Commento alla Liturgia

Il fratello...

MichaelDavide Semeraro

Le parole del Signore Gesù vanno diritte al cuore e prima di parlarci di ciò che potrebbe capitare a noi, ci ricordano in modo forte ciò che, per amor nostro, è capitato a Lui:

«Il fratello farà morire il fratello e il padre il figlio, e i figli si alzeranno ad accusare i genitori e li uccideranno» (Mt 10,21).

La fatica di essere e rimanere fratelli, la fatica di perseverare nella fedeltà ai propri legami più essenziali di cui quelli familiari sono un simbolo fondamentale, ci viene ricordata dalla conclusione della difficile e amara storia di Giuseppe. Questa lunga e sofferta storia sembra conoscere il suo epilogo nella liberazione di un pianto che è ben più di uno sfogo:

«Appena se lo vide davanti, gli si gettò al collo e pianse a lungo, stretto al suo collo» (Gen 46,29).

Possiamo ben immaginare come questo testo sia stato letto, meditato e fatto proprio dal Signore Gesù, tanto da evocarlo in una delle più belle parabole del Vangelo, quando un altro padre si getterà al collo del proprio figlio, a sua volta perduto e finalmente ritrovato. Le parole di Giacobbe-Israele potrebbero essere poste sulla bocca di quel padre misericordioso che conosce la terribile fatica di trasmettere l’alfabeto della misericordia e della compassione ai suoi figli:

«Posso anche morire, questa volta, dopo aver visto la tua faccia, perché sei ancora vivo» (Gen 46,29-30).

Queste parole commoventi di Giacobbe sono la conclusione di una vita tutta posta sotto il segno della passione, dell’amore, del sogno che ha reso il cammino del patriarca un dramma particolarmente vivo. Questo dramma si conclude con un pianto liberatorio che apre a una tenerezza immensa, frutto di una sapienza dolorosamente acquisita, la cui cifra è la parola di appello e di consegna che viene dall’Altissimo: «Io sono Dio, il Dio di tuo padre. Non temere di scendere in Egitto…» (46,3). Sulla bocca del nuovo Giuseppe, che sarà venduto e ucciso e la cui veste sarà tirata a sorte sotto la croce, l’esortazione non è poi così diversa:

«Ma quando vi consegneranno, non preoccupatevi di come o di che cosa direte: infatti non siete voi a parlare, ma è lo Spirito del Padre vostro che parla in voi» (Mt 10,19-20).

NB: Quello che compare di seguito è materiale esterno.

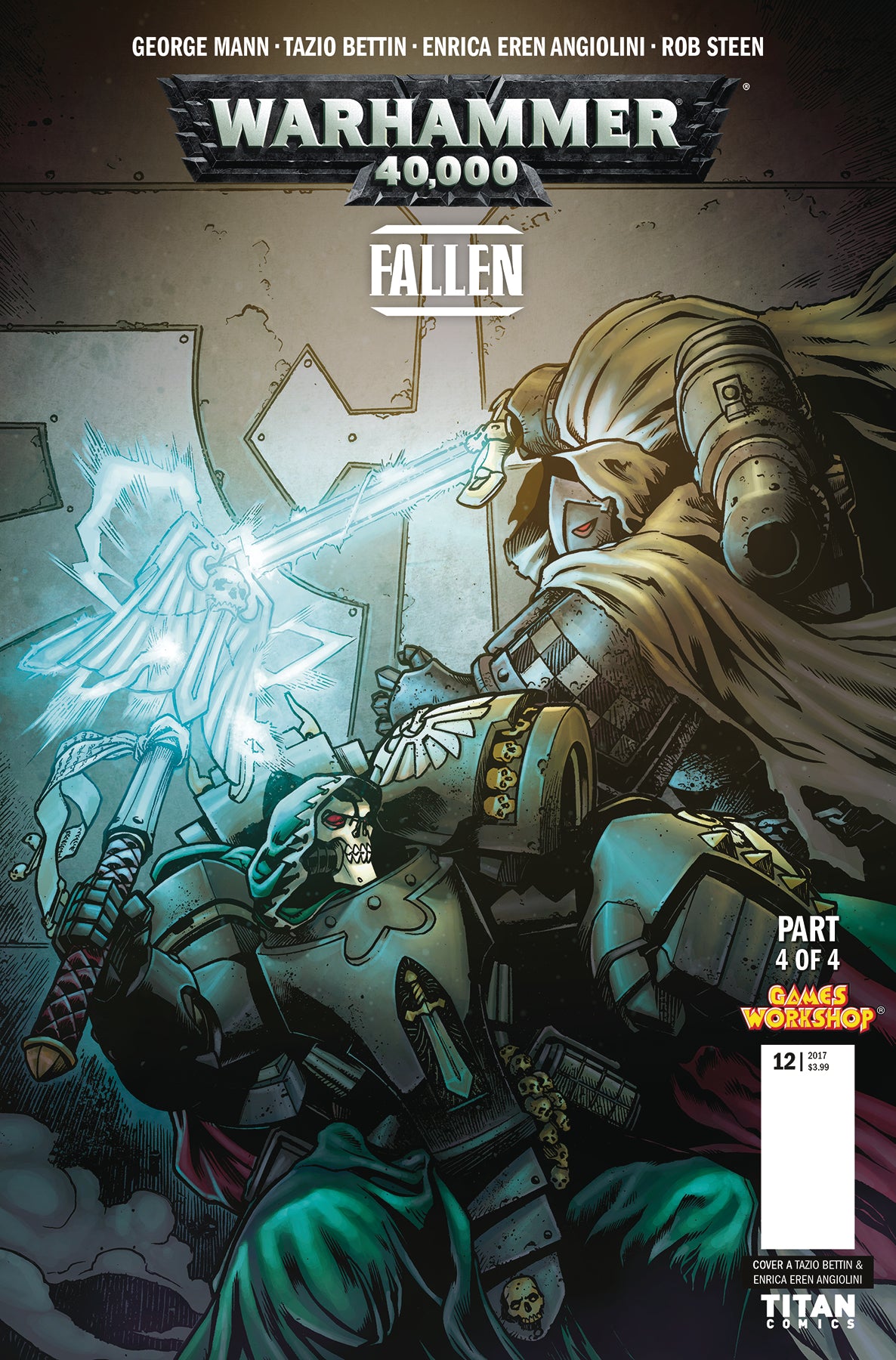 WARHAMMER 40000 FALLEN #4 (OF 4) CVR A BETTIN COVER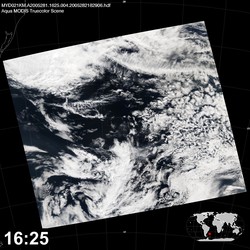 Level 1B Image at: 1625 UTC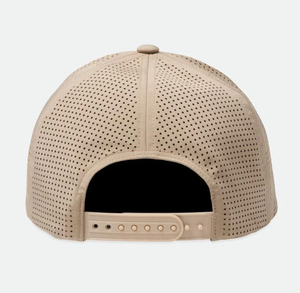 Haute qualité personnalisé 5 panneau corde casquette de Baseball découpé au Laser trou perforé imperméable Polyester Performance casquette de camionneur chapeau de Golf - Product Image 3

Il Signore non ci illude su quelle che sono le condizioni del nostro viaggio interiore attraverso le esigenze e gli imprevisti della vita, eppure mai ci lascia soli con la nostra angoscia né ci abbandona alle nostre paure:

«Quando sarete perseguitati in una città, fuggite in un’altra; in verità io vi dico: non avrete finito di percorrere le città di Israele, prima che venga il Figlio dell’uomo» (Mt 10,23).

Ancora una volta l’evocazione del «Figlio dell’uomo» contestualizza il cammino dei discepoli nello stesso cammino del Maestro, che è quello della Pasqua di cui lo scendere di Giacobbe in Egitto è già prefigurazione e le cui lacrime di tenerezza e di liberazione sono speranza. La via per affrontare le esigenze pasquali è un atteggiamento:

«siate dunque prudenti come i serpenti e semplici come le colombe» (Mt 10,16)

e un interiore abbandono a ciò che viene ispirato, nel segreto del cuore, dallo «Spirito del Padre» (10,20). Non si tratta di una dimissione dalla propria responsabilità e creatività, ma del frutto maturo di un lungo cammino di discesa in se stessi e di esodo da se stessi.